Question

How do you solve \[5 < 2x+7 < 13\] ?

Answer 1

Hint: First try to reduce the term containing variable by different arithmetic operations like addition, subtraction, multiplication and division to separate the variable from the constants. While performing an operation, apply it on every terms of the inequality.
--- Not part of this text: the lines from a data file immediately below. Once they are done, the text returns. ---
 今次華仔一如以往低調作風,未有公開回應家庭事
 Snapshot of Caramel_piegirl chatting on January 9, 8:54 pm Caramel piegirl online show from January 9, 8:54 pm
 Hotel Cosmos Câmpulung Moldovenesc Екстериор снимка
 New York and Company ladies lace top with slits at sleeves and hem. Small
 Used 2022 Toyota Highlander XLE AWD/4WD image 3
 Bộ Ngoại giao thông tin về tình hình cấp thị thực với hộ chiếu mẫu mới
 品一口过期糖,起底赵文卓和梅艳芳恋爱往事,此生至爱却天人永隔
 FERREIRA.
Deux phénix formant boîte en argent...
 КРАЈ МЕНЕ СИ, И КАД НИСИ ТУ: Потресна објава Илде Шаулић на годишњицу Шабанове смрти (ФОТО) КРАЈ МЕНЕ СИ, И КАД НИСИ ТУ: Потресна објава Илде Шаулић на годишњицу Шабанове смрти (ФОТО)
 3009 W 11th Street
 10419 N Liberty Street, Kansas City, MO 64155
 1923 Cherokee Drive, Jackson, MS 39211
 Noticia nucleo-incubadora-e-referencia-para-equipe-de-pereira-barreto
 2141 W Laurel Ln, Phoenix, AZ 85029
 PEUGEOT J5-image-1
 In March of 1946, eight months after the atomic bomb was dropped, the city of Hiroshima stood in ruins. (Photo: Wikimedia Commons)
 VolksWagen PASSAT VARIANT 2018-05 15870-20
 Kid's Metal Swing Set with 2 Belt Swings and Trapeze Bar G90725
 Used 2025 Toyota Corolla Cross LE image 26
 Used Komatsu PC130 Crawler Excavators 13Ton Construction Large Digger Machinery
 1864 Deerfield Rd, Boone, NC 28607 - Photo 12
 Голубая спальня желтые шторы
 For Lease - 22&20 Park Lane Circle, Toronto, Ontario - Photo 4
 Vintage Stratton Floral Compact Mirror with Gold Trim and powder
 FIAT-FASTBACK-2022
Complete step by step answer:
While solving this set of inequalities we need to perform each operation to all three parts of the set of inequalities to keep everything balanced.
Subtracting 7 from each term of the inequalities, we get
\[\begin{align}
  & 5-7 < \left( 2x+7 \right)-7 < 13-7 \\
 & \Rightarrow -2 < 2x < 6 \\
\end{align}\]
Now dividing each term of the inequalities by 2, we get
\[\dfrac{-2}{2} < \dfrac{2x}{2} < \dfrac{6}{2}\]
Cancelling out 2 both from the numerator and the denominator of the middle term and reducing the left term as $\dfrac{-2}{2}=-1$ and the right term as $\dfrac{6}{2}=3$, we get
\[\Rightarrow -1 < x < 3\]
Therefore we can conclude that $x\in \left( -1,3 \right)$.
This is the required solution of the given question.

Note:
Separating the constants and the variables should be the first approach for solving this question. Necessary simplification and calculation should be done for solving the inequality. The range of ‘x’ can be determined by solving the inequality as $x\in \left( -1,3 \right)$.